As illustrated in the figure, maximizing the marginalized probability requires statistical approximation of three key elements: 1) the model parameters, $\theta$; 2) the posterior distribution, $P(Z \vert X, \theta$; and 3) the distribution of the latent variable given model parameters, $P(Z, \theta) $.

In Gaussian Mixture Models (GMMs), estimating the posterior distribution (2) is relatively straightforward given the model parameters (1) and the distribution (3), enabling iterative optimization of (1) and (3). Variational Bayes methods, however, face challenges in estimating (2), necessitating an additional approximation.
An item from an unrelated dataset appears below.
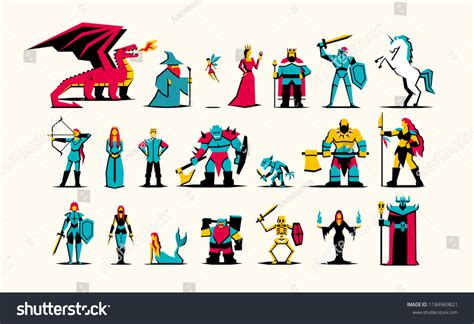 Vector Set Rpg Medieval Fantasy Characters Stock Vector (Royalty Free ...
Stochastic Gradient Variational Bayes (SGVB) methods address this by jointly optimizing (1), (2), and (3) using Monte Carlo estimates of the Evidence Lower Bound (ELBO). Auto-encoding Variational Inference (AEVB) further reduces variance by imposing a constraint on (3), a technique widely employed in modern generative models.